Reputation: 41
I slightly modified example taken from here - https://github.com/apache/spark/blob/v2.2.0/examples/src/main/scala/org/apache/spark/examples/sql/streaming/StructuredNetworkWordCount.scala
I added seconds writeStream (sink):
scala
case class MyWriter1() extends ForeachWriter[Row]{
override def open(partitionId: Long, version: Long): Boolean = true
override def process(value: Row): Unit = {
println(s"custom1 - ${value.get(0)}")
}
override def close(errorOrNull: Throwable): Unit = true
}
case class MyWriter2() extends ForeachWriter[(String, Int)]{
override def open(partitionId: Long, version: Long): Boolean = true
override def process(value: (String, Int)): Unit = {
println(s"custom2 - $value")
}
override def close(errorOrNull: Throwable): Unit = true
}
object Main extends Serializable{
def main(args: Array[String]): Unit = {
println("starting")
Logger.getLogger("org").setLevel(Level.OFF)

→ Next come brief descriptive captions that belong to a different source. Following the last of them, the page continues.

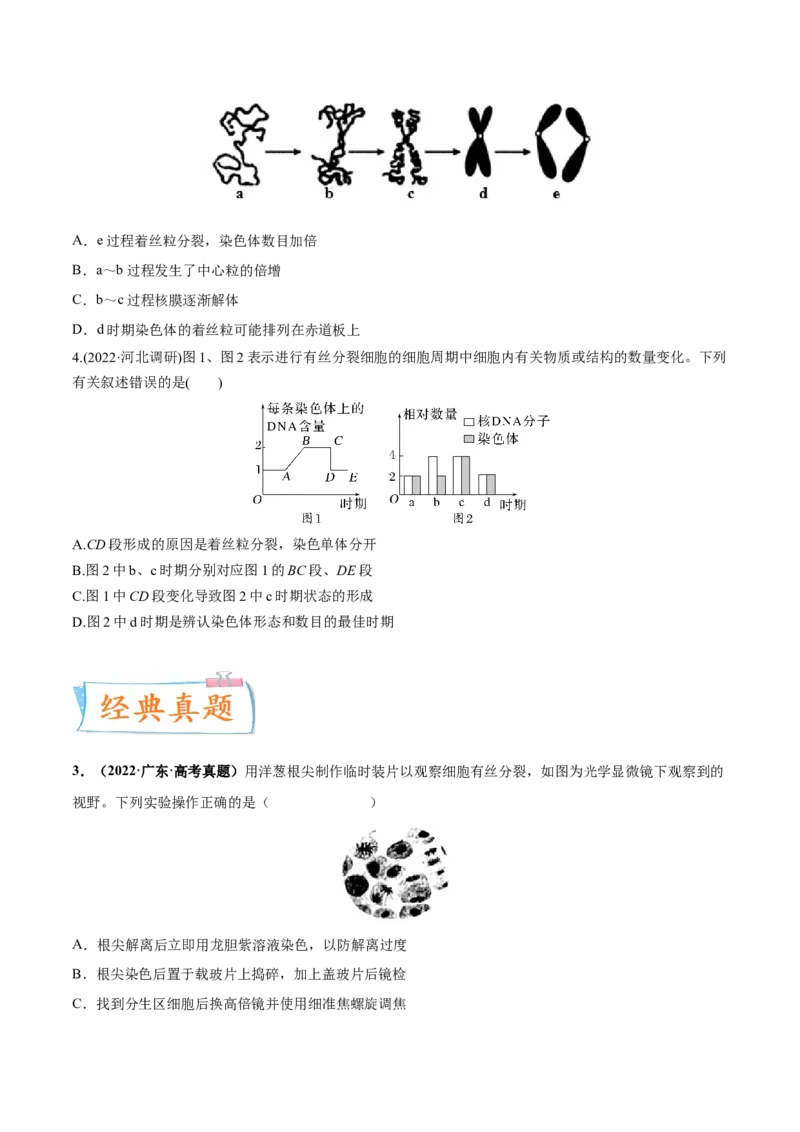 考向07细胞的生命历程-备战2023年高考生物一轮复习考点微专题（全国通用）（原卷版）_通用版（老高考）复习资料_2023年复习资料_一轮复习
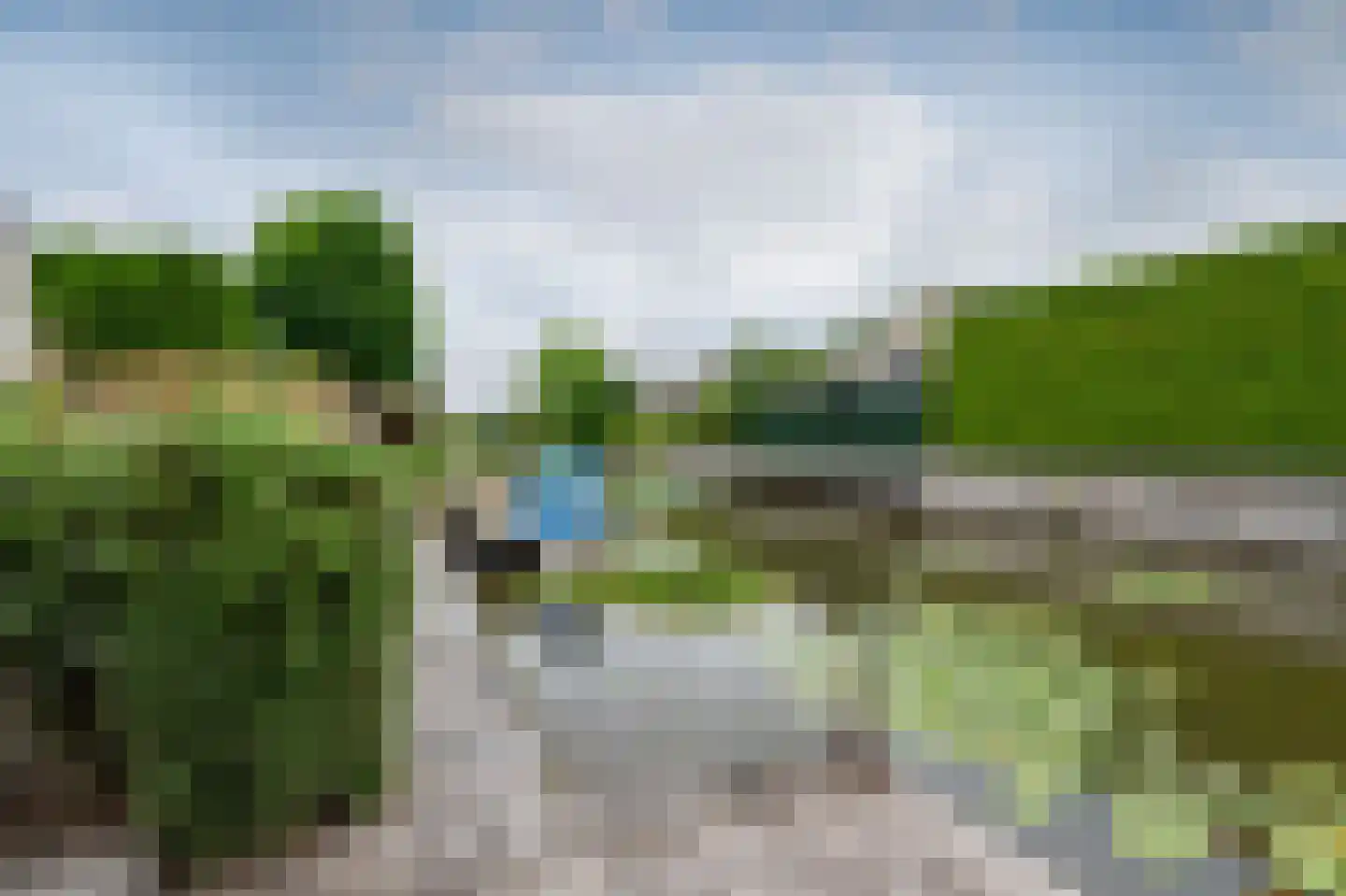 Grijskopspecht 10 Emmen thumbnail 39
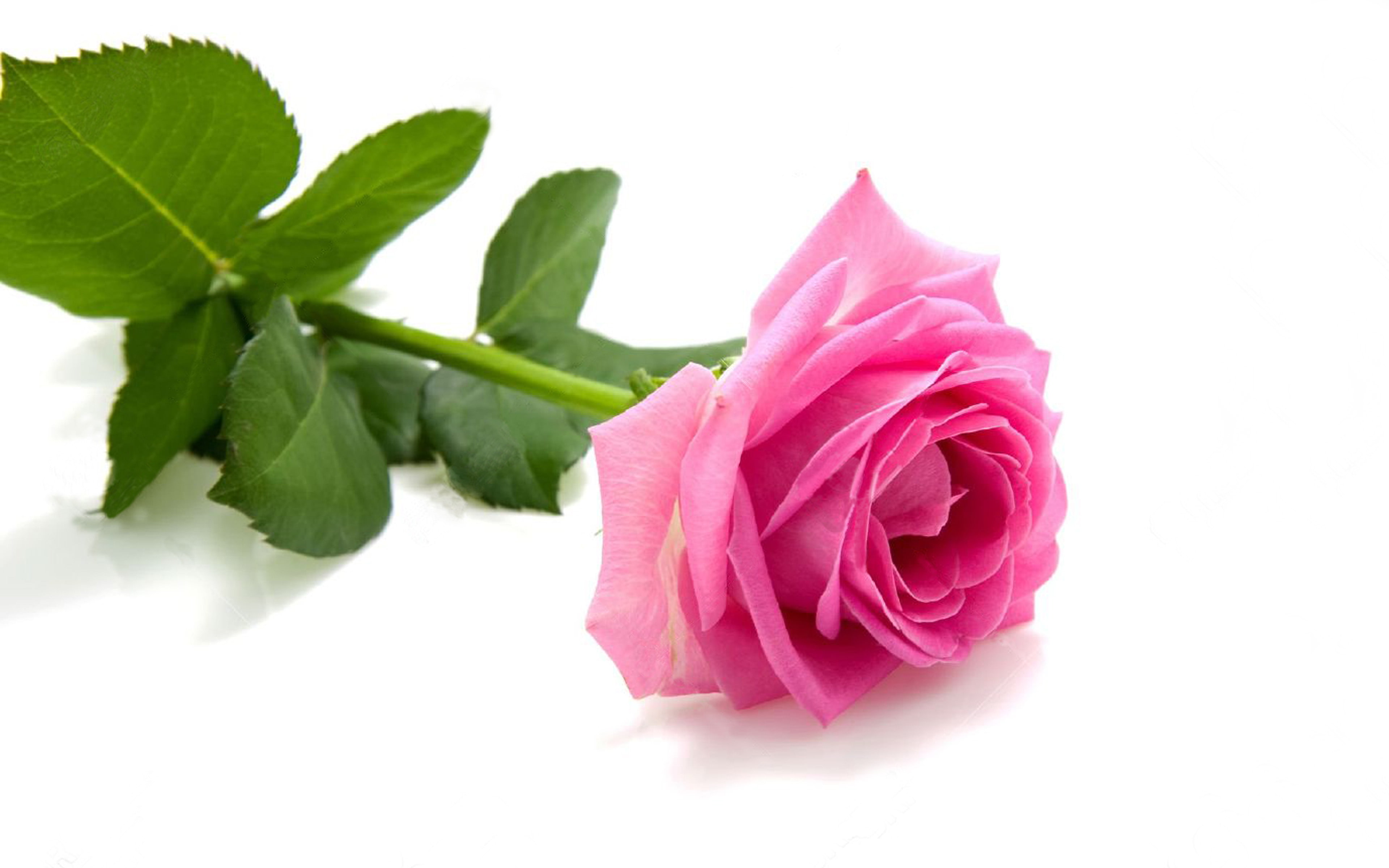 green, beautiful, pink, queen, bourbon, leaves, 4K, flowers, rose, white, HD Wallpaper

Logger.getLogger("akka").setLevel(Level.OFF)
val host = "localhost"
val port = "9999"
val spark = SparkSession
.builder
.master("local[*]")
.appName("app-test")
.getOrCreate()
import spark.implicits._
// Create DataFrame representing the stream of input lines from connection to host:port
val lines = spark.readStream
.format("socket")
.option("host", host)
.option("port", port)
.load()
// Split the lines into words
val words = lines.as[String].flatMap(_.split(" "))
// Generate running word count
val wordCounts = words.groupBy("value").count()
// Start running the query that prints the running counts to the console
val query1 = wordCounts.writeStream
.outputMode("update")
.foreach(MyWriter1())
.start()
val ds = wordCounts.map(x => (x.getAs[String]("value"), x.getAs[Int]("count")))
val query2 = ds.writeStream
.outputMode("update")
.foreach(MyWriter2())
.start()
spark.streams.awaitAnyTermination()
}
}
Unfortunately, only first query runs, second never runs (MyWriter2 never been called)
Please advice what I'm doing wrong. According to doc: You can start any number of queries in a single SparkSession. They will all be running concurrently sharing the cluster resources.
Upvotes: 4
Views: 5082
Reputation: 693
What you have done is right! Just go ahead and check the scheduler your Spark f/w is using. Most probably it would be using FIFO scheduler which means the first query takes up all resources. Just change it to FAIR Scheduler and you should be good.
Upvotes: 0
Reputation: 3367
I had the same situation (but on the newer structured-streaming api) and in my case it helped to call awaitTermination() on the last streamingQuery.
s.th. like:
query1.start()
query2.start().awaitTermination()
Update: Instead above, this build-in solution/method is better:
sparkSession.streams.awaitAnyTermination()
Upvotes: 5
Reputation: 43
Are you using nc -lk 9999
for sending data to spark ? every query create a connection to nc
but nc
can only send data to the first connection (query) , you can write a tcp server instead of nc
Upvotes: 2
Reputation: 6871
You are using .awaitAnyTermination()
which will terminate the application when the first stream returns, you have to wait for both of the streams to finish before you terminate.
something like this should do the trick:
query1.awaitTermination()
query2.awaitTermination()
Upvotes: 1